Abstract:
In recent few years, many fashion brands have claimed to offer high quality and sustainable products, as more people now care about great fashion products. However, this has also led to a rise in greenwashing, where brands exaggerate or mislead customers about how great they really are. Most current methods for checking these claims rely on brand-reported data, which often lacks transparency and does not reflect real customer opinions. This makes it increasingly difficult for consumers to know which brands they can truly trust.
To solve this the project introduces an AI chatbot that analyzes how people feel about fashion brands and their products. It uses FinBERT a pre-trained language model to understand whether reviews are positive, negative, or neutral.

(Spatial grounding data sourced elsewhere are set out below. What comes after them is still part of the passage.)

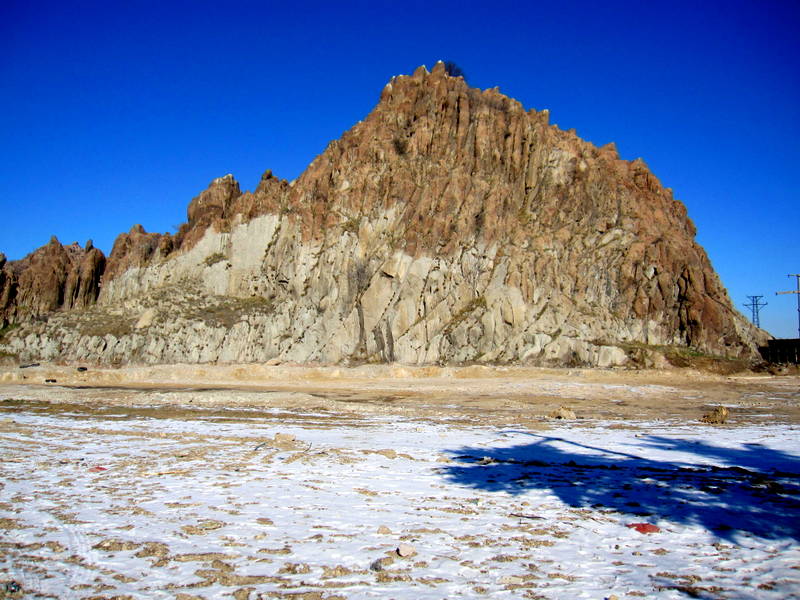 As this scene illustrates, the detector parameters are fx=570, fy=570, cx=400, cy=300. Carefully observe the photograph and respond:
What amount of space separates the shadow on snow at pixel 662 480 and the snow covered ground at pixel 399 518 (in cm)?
5

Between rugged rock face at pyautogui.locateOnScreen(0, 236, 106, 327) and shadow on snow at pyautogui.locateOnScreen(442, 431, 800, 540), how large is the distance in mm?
90517

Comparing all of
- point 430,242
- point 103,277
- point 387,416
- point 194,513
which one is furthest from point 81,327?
point 194,513

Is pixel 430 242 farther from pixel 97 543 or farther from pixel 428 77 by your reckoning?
pixel 97 543

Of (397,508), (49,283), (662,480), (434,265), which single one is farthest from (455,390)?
(49,283)

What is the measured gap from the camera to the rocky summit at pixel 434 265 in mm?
56031

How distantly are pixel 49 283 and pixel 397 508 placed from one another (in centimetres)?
9575

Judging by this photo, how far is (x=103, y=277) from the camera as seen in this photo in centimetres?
9169

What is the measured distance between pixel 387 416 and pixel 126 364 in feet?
161

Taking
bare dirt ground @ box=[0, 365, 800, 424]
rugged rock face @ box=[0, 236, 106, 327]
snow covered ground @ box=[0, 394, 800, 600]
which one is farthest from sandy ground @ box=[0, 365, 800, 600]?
rugged rock face @ box=[0, 236, 106, 327]

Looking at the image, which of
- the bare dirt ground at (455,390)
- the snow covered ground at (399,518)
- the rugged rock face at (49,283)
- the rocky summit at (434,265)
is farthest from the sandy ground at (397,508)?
the rugged rock face at (49,283)

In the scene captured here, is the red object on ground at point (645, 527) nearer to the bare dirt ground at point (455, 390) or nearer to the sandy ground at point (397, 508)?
the sandy ground at point (397, 508)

SHAP (Shapley Additive Explanations) is also used to explain the reasons behind each result. A custom dataset of online reviews from ten Sri Lankan fashion brands was created to train the system. This AI-powered tool helps users get a clearer and more honest view of how brands are seen.
The model was tested using key data science metrics such as accuracy, precision, recall, and F1 score. It achieved 91.5% accuracy, showing it gives correct results most of the time. It performed best on neutral reviews (F1-score of 0.94), and also did well on positive (0.88) and negative (0.87) ones. These results show the system can accurately understand how people feel about fashion brands. With SHAP providing clear explanations, the tool is not only accurate but also easy for users to trust.